Great sci-tech innovations are trapped in the university system because there has been a failure to properly test them with potential customers in mind, according to Steve Brodie, the new Managing Director of CSIRO’s ON Accelerator program.

Established in 2015, ON assists researchers from the fields of science and technology to validate – and discover a real-world application for – their research via two accelerator programs that bring together expertise from established researchers, entrepreneurs and mentors. ON Accelerate is a 12-week, full-time accelerator program for research teams with around a third of the program delivered through face-to-face workshops. Meanwhile, ON Prime is an 8-week, part-time pre-accelerator involving around five face-to-face sessions and a ten-hour commitment per team member, one of whom must be in a paid research role, with performance bonuses available for each team. [Note: Dynamic Business recently interviewed ON Prime graduate Retha Wiesner, Founder of WiRE – Women in Rural, Regional, and Remote Enterprise]

Brodie, a commercialisation specialist who previously served as the Open Innovation Manager at the University of NSW, spoke to Dynamic Business about joining CSIRO’s sci-tech accelerator and the barriers faced by sci-tech innovators.

Steve Brodie
Steve Brodie, MD, ON Accelerator

DB: What was your motivation for joining CSIRO’s ON Accelerator?

Brodie: I’m a research scientist who has studied and worked in the UK and throughout Europe. Originally, I worked on blue sky ideas before moving over to product development, where I put research findings to use in high-tech industries. As such, my career has involved trying to figure how scientists can find a real-world use for their good ideas.

As a country, Australia is very good at the input side of the innovation equation, i.e. there are good ideas, but not so good at the output side. I wanted to work with CSIRO, through ON Accelerator, to help research teams from across Australia’s 41 universities put their research to good use.

DB: Can you briefly explain why ON Accelerator was established?

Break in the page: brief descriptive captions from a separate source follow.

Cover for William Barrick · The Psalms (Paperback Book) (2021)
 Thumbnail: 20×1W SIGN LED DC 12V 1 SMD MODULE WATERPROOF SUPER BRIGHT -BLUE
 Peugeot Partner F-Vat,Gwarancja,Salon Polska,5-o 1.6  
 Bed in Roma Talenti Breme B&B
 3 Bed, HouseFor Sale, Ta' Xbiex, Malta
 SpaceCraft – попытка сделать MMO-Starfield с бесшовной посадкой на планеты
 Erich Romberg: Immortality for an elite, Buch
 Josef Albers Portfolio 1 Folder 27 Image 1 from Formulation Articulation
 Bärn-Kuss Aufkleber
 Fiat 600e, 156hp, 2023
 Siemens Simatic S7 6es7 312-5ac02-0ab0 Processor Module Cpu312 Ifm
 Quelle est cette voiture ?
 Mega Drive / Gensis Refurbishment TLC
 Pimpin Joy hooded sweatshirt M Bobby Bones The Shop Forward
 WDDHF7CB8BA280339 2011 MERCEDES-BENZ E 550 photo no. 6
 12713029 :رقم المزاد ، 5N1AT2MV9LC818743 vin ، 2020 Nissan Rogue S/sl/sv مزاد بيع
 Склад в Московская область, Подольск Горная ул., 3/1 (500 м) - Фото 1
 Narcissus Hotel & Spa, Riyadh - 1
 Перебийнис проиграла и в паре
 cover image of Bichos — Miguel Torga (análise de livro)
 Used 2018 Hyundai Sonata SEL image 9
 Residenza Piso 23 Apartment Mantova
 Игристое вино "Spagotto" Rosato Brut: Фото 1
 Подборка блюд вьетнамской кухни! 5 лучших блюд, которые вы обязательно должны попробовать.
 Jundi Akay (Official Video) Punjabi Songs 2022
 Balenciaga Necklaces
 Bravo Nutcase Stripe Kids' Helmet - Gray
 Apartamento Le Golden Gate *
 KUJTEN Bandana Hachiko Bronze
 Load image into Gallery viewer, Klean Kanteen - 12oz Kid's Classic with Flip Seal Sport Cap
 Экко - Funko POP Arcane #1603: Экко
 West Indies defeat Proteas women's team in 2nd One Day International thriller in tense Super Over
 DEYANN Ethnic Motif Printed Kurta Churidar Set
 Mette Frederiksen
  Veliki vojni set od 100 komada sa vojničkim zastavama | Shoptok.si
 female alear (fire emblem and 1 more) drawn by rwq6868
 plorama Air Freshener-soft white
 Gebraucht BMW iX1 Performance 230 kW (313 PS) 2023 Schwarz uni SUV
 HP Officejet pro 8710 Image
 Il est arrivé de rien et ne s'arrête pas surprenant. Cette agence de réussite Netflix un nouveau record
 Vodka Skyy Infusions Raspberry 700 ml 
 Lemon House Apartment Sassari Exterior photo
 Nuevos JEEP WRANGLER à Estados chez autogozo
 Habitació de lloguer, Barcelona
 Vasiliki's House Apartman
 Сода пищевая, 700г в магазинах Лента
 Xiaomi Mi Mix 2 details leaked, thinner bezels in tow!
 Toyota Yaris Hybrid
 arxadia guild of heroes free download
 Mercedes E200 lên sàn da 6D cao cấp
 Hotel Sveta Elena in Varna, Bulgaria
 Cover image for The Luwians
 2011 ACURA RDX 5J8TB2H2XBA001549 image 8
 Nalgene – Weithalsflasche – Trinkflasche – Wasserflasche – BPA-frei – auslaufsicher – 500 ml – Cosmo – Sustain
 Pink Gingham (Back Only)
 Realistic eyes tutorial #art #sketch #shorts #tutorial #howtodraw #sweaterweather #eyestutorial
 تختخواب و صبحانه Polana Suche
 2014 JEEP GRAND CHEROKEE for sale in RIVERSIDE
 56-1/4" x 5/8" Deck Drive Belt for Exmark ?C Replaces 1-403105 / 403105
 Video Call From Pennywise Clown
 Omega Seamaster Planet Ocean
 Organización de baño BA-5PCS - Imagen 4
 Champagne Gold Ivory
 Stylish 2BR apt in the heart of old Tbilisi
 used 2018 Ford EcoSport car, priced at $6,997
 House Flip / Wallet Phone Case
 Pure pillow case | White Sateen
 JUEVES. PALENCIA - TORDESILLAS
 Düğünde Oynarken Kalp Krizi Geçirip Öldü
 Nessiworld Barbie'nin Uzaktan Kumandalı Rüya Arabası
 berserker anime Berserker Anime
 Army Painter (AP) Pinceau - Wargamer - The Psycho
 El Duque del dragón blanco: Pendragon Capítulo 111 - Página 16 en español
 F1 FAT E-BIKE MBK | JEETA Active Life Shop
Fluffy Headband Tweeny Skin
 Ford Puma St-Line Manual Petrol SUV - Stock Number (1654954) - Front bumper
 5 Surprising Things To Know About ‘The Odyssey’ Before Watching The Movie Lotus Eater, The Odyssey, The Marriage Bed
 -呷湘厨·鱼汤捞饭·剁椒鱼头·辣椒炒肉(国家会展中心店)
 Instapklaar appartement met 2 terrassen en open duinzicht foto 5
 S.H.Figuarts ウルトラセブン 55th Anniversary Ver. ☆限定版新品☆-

Brodie: ON was originally established by CSIRO in 2015 to get its own researchers to think about the impact their findings could have on the world and help them engage with potential customers sooner. Simply put, CSIRO didn’t want ideas to be left on the shelf. In July, last year, CSIRO began offering ON Accelerator to external research organisation, including universities. So far, we’ve had over a hundred teams go through Prime and over 30 teams have gone through Accelerate. 

DB: Do many sci-tech ideas end up gathering cobwebs on uni shelves?

Brodie: There are a lot of ideas within the university sector that aren’t going anywhere. My experience working with university researchers is that their ideas are great from a science perspective but they’re not always good from a customer solution perspective. There’s a mismatch between why the science was developed, where it’s at and the problem the researchers are attempting to solve. In other words, problem/solution fit is an issue – there are really good ideas which are not really solving problems for potential customers or partners because they’ve not really been tested with potential customers – either well enough or soon enough to make it worthwhile pursuing. Another problem is that less well-resourced universities can focus less on the problem/solution fit.

DB: So, researchers need help finding a commercial application?

Brodie: That’s part of it. What the ON program does (particularly ON Prime) is encourage researchers to get into that mindset of engaging with the outside world – i.e. potential customers and partners – sooner rather than later. It’s better for researchers to have insights from potential customers and industries early on, rather than spending years travelling down their research pathway only to find there isn’t a good product/solution fit. ON primarily acellerates the process of validating researcher assumptions and gets their engagement with industry moving really well.

DB: Is the point of ON that the researchers become entrepreneurs?

Brodie: Not really, per say, although sometimes that’s the case. We’re really interested in researchers being intrapreneurs, i.e. having an entrepreneurial mindset while staying in your own organisation and learning the tools and skills required to engage with potential customers and partners. ON Accelerator helps researchers identify a runway for their ideas, and getting them the support they need to make it happen, which could mean joining forces with a serial entrepreneur.

DB: What can sci-tech innovators do to overcome poor problem/solution fit?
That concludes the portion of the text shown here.